Radioactive Peptide Therapy Controls Disease in 64% of Patients with Aggressive Neuroendocrine Cancers
A meta-analysis of 317 patients found that peptide receptor radionuclide therapy (PRRT) using radiolabeled somatostatin analogs achieved a 64% disease control rate and nearly 30 months median survival in high-grade neuroendocrine cancers.
Quick Facts
What This Study Found
Across 7 studies totaling 317 patients with grade 3 (G3) gastro-entero-pancreatic neuroendocrine neoplasms:
- Objective response rate (ORR): 34% (95% CI: 22–46%) — meaning about one-third of patients had measurable tumor shrinkage
- Disease control rate (DCR): 64% (95% CI: 52–76%) — meaning nearly two-thirds had their disease stabilize or shrink
- Median progression-free survival: 13.88 months (95% CI: 10.33–18.64)
- Median overall survival: 29.95 months (95% CI: 19.80–45.30)

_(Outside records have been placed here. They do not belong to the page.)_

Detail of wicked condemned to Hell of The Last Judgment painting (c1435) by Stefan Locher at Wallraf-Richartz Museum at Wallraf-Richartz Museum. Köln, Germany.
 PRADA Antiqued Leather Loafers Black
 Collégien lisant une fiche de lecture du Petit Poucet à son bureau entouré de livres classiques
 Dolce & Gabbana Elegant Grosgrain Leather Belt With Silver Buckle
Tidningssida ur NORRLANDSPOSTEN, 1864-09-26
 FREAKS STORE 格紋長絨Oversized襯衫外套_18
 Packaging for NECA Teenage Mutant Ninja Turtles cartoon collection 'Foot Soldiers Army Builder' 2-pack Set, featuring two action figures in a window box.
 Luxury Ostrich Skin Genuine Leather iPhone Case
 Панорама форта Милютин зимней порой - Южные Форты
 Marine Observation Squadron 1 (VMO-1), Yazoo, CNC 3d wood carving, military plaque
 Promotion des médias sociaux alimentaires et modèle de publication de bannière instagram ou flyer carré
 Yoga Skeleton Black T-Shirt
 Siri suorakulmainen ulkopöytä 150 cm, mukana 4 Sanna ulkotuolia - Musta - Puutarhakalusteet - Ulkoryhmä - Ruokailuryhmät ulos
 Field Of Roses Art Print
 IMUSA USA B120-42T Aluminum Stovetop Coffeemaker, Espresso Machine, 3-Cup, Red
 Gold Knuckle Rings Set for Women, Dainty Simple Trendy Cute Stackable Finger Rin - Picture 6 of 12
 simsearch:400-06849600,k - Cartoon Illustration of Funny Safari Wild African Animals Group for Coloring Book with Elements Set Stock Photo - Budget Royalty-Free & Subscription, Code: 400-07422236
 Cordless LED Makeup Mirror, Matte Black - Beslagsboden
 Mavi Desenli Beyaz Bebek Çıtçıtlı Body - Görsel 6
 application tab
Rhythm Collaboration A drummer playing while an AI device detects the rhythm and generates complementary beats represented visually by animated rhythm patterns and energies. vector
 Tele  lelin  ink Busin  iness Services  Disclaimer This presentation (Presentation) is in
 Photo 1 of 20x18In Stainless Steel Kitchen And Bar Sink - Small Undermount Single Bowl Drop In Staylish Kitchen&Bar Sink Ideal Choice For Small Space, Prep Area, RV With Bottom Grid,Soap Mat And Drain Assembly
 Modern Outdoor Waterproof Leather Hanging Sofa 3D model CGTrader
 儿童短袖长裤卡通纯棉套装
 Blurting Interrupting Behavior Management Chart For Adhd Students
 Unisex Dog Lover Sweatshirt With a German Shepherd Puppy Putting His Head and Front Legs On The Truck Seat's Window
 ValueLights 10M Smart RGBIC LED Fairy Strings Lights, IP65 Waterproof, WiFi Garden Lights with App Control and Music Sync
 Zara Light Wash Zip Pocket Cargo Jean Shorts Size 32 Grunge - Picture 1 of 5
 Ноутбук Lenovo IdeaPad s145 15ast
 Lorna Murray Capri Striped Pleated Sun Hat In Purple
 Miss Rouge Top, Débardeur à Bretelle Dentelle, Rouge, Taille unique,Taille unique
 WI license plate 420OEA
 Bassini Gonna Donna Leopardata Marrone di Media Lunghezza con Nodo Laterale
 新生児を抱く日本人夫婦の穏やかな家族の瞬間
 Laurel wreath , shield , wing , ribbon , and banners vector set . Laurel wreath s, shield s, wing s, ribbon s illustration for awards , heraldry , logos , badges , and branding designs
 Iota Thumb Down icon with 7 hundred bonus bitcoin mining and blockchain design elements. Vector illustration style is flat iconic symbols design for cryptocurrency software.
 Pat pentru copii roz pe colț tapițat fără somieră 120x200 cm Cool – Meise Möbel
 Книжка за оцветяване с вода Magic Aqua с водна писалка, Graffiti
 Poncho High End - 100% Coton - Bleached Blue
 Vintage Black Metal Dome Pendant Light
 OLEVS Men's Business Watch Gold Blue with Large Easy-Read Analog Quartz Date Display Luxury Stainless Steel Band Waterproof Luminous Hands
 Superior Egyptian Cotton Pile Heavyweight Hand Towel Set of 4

The treatments used were [¹⁷⁷Lu]Lu-DOTA-TATE and/or [⁹⁰Y]Y-SSA, which are radioactive versions of somatostatin analog peptides that target receptors on tumor cells.
Key Numbers
How They Did This
The researchers conducted a systematic review and meta-analysis searching PubMed and Embase for all clinical studies published through March 2025. They included studies of patients with grade 3 GEP-NEN treated with radiolabeled somatostatin analogs. Response was evaluated using RECIST 1.1 criteria (the standard method for measuring tumor response). Funnel plot analysis indicated no publication bias. Some studies also stratified patients by Ki-67 values, a marker of tumor aggressiveness.
Why This Research Matters
High-grade (G3) neuroendocrine neoplasms have historically been considered too aggressive for PRRT, which was initially approved mainly for well-differentiated, lower-grade tumors. This meta-analysis provides the strongest pooled evidence to date that PRRT can still benefit these sicker patients — a 64% disease control rate and median survival of nearly 2.5 years are clinically meaningful results for a cancer with few effective options.
The Bigger Picture
PRRT with Lutathera (¹⁷⁷Lu-DOTATATE) was a breakthrough for neuroendocrine tumors when it won FDA approval in 2018, but that approval was based largely on low-to-intermediate grade tumors. The field has been debating whether high-grade tumors — which are more aggressive and have variable somatostatin receptor expression — would also benefit. This meta-analysis strengthens the case for expanding PRRT use to these patients and may influence future treatment guidelines.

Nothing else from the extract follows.